> **WORK ORDER**
Pictures are to be left out. Copy exactly, and only, the lines from the start of the entries below to the line with "Jackery Explorer 240D", both included.
MATERIAL FOR THIS EXERCISE Block Start
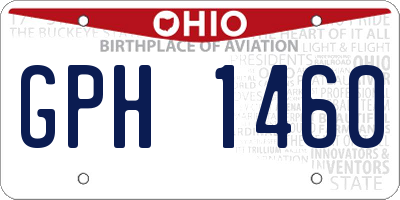 OH license plate GPH1460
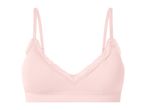 Light pink ribbed bralette with lace trim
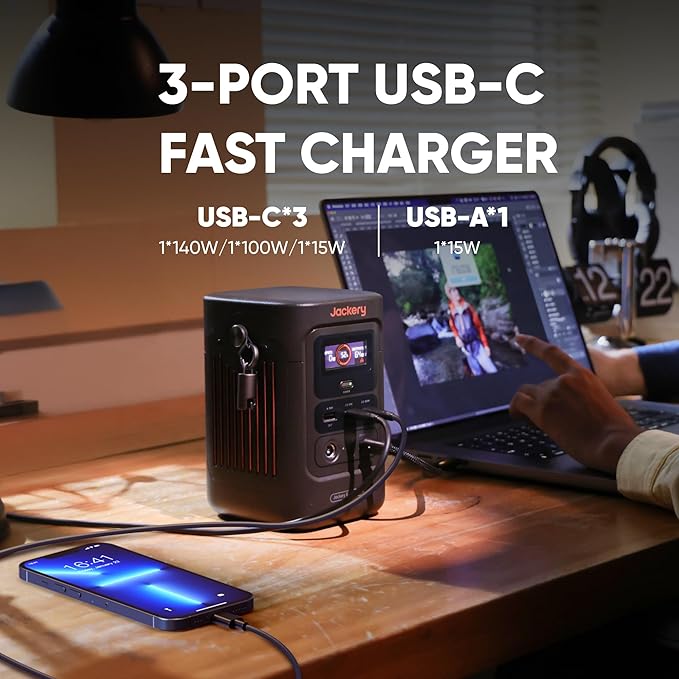 Jackery Explorer 240D Power Bank (80,000mAh), LiFePO4 Battery 256Wh Portable Power Station, USB-C Cable Included,200W DC Output,1-Hour Fast Charging, Compact for Outdoor Camping, Travel, Emergencies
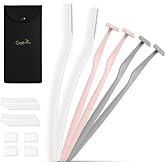 Eyebrow Razors w/Dermaplane Razors Set, 6 Packs | Japanese Blades Razors, Reusable&zwnj; Quality, Specially T-type Small Face Razors for Peach Fuzz, Pinkish-White for Women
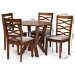 Baxton Studio Ariane Modern and Contemporary Grey Fabric Upholstered and Walnut Brown Finished Wood 5-Piece Dining Set - Ariane-Grey/Walnut-5PC Dining Set
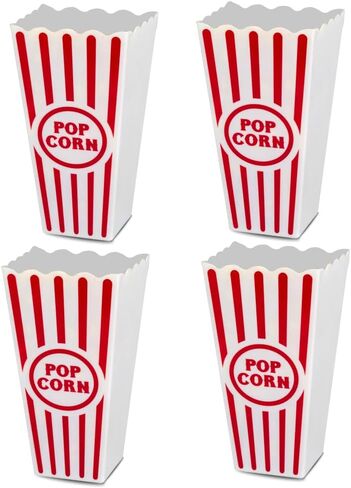 Movie Night Popcorn Containers for Theater, Cinema, and Home Use - Red and White Striped Durable Reusable Plastic Buckets for Snacks and Popcorn (5 Pack Mix) in Kuwait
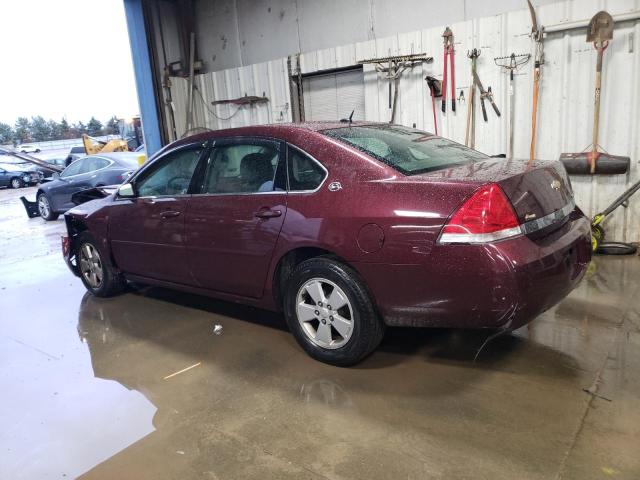 2G1WT58K179270738 - 2007 CHEVROLET IMPALA LT MAROON photo 2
MATERIAL FOR THIS EXERCISE Block End
> **RESULT OF THE TASK**
 OH license plate GPH1460
 Light pink ribbed bralette with lace trim
 Jackery Explorer 240D Power Bank (80,000mAh), LiFePO4 Battery 256Wh Portable Power Station, USB-C Cable Included,200W DC Output,1-Hour Fast Charging, Compact for Outdoor Camping, Travel, Emergencies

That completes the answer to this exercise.